My idea would be to take a slightly different direction with the character. The differences would come in small.

When Hans suggests a search party to retrieve Elsa, he offers his men to help – but the audience would not see him instruct them to kill her. Their attempt on her life would come as a surprise, then, but not an unexpected one, as the Duke seems very much like a villainous character. Most likely the viewer will assume he has evil intentions regardless of whether they are shown.

But later, when Elsa is imprisoned by Hans, he would reveal that he had not intended to bring her back alive – he had, in fact, bribed the Duke of Weselton’s men to kill her, thinking to keep his own hands clean and blame it on the Duke.
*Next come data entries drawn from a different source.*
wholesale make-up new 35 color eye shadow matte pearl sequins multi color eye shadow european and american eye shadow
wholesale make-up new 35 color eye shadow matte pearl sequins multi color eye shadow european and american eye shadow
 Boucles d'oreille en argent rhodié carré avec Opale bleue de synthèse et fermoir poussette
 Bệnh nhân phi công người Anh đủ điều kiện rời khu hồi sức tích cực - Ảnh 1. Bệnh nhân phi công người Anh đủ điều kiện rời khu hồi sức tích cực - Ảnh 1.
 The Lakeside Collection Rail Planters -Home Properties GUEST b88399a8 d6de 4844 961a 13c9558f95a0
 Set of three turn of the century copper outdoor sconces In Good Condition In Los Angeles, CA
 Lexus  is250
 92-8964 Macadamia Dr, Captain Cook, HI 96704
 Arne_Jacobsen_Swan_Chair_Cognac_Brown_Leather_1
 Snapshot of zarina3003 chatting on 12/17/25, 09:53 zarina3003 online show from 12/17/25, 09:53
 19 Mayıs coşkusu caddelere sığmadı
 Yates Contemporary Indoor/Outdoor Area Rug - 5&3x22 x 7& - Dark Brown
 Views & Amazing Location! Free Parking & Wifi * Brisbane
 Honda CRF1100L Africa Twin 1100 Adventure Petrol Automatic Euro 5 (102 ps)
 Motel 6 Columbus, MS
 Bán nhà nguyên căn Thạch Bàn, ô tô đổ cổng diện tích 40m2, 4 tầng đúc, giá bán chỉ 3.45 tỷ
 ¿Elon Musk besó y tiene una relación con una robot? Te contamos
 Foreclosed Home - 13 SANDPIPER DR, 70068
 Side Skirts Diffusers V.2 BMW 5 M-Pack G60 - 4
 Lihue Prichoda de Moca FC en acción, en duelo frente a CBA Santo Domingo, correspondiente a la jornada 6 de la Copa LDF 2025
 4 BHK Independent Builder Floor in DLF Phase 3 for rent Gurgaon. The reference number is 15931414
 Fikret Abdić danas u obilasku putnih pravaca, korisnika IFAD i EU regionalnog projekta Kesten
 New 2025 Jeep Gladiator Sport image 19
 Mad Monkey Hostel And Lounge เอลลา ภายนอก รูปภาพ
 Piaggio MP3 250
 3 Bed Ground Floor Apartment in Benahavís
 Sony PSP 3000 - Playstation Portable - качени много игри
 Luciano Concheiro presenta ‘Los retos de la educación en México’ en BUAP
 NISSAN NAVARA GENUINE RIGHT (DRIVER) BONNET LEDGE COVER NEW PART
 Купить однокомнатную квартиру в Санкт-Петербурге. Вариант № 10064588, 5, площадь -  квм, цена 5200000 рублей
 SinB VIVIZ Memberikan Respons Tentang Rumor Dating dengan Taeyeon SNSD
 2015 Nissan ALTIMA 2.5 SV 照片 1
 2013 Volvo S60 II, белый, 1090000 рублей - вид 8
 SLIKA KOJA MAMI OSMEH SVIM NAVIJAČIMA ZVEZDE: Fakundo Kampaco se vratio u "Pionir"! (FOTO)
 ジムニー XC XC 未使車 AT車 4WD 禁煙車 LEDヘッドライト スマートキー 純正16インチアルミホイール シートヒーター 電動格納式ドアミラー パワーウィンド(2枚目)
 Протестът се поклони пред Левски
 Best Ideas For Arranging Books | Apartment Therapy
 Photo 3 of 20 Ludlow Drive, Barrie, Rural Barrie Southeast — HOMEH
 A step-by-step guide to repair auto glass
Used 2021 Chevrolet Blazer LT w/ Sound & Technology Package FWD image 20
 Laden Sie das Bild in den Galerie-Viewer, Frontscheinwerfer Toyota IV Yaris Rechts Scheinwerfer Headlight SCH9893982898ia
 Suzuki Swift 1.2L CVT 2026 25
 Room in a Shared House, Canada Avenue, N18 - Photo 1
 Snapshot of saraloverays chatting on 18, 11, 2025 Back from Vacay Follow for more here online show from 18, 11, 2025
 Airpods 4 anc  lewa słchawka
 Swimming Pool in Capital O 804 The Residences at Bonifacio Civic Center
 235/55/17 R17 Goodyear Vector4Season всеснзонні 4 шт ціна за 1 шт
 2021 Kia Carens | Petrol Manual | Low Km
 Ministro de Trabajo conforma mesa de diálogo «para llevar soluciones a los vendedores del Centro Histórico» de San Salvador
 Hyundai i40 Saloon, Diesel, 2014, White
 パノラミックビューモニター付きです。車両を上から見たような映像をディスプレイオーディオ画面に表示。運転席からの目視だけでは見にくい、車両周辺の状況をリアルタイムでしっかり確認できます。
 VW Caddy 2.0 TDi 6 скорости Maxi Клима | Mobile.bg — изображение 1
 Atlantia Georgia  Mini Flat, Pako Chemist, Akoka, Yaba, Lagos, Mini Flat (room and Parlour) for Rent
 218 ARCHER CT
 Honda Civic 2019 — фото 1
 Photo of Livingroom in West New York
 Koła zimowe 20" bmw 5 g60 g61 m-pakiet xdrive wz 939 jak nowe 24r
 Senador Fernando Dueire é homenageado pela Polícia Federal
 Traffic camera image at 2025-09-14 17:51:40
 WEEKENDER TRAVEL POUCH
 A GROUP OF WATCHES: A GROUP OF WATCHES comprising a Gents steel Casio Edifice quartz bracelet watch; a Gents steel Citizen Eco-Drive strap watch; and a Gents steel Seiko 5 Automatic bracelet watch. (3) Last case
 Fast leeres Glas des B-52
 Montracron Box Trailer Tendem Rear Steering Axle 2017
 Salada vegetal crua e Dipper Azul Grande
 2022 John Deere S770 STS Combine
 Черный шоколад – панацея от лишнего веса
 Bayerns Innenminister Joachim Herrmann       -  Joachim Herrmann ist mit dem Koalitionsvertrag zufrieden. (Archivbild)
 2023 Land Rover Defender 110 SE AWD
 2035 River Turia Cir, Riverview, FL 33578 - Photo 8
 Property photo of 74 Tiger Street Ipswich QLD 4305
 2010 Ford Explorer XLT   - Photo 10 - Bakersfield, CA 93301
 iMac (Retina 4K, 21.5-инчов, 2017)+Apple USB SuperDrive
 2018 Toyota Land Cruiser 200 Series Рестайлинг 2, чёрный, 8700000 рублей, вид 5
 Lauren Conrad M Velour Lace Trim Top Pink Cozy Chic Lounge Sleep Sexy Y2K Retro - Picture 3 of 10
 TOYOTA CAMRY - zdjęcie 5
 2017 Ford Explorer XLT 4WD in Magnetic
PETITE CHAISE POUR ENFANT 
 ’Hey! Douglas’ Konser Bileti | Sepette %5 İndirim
Around the time of Anna’s return, when Hans announces that she has died after speaking her wedding vows, the Duke, ever looking to his own self-interest, would attempt to broach the subject if trade with Weselton. To his dismay, he would find that Hans intended to favour his own family’s kingdom, and had no interest in the Duke’s offer.

And thus it is that the Duke, his efforts to gain Hans’ support having been for naught, somehow comes across the room where Anna lies dying. Here, the Duke of Weselton’s true nature is revealed: he is horrified that Hans has left her to die. My Duke is still a weasel of a man, but not a murderer. He is too much a coward to confront the new King and his supporters alone (though he may promise to challenge his rule later, after gathering support), and in any case, Anna asks him to stay with her, believing that she is going to die regardless. So he lights a fire, and tries to comfort her – perhaps he even has daughters of his own, back home – and somehow his words cause her to realise that it is Kristoff she needs to find.

And so the ending proceeds as it did, and the kingdom is saved. And in the end, the Duke of Weselton is granted trade agreements with the kingdom by Queen Elsa (though perhaps not quite so favourable to him as he’d prefer).

The Duke is redeemed while keeping his essential character intact, and with very little difference to the remainder of the story.

And not a single talking snowman was needed.

***

If you’ve read all this, thank you for indulging my nonsense. I’ll just say again that Frozen was great, and I’m not claiming these changes needed to be made. I just thought it was a fun exercise to go through.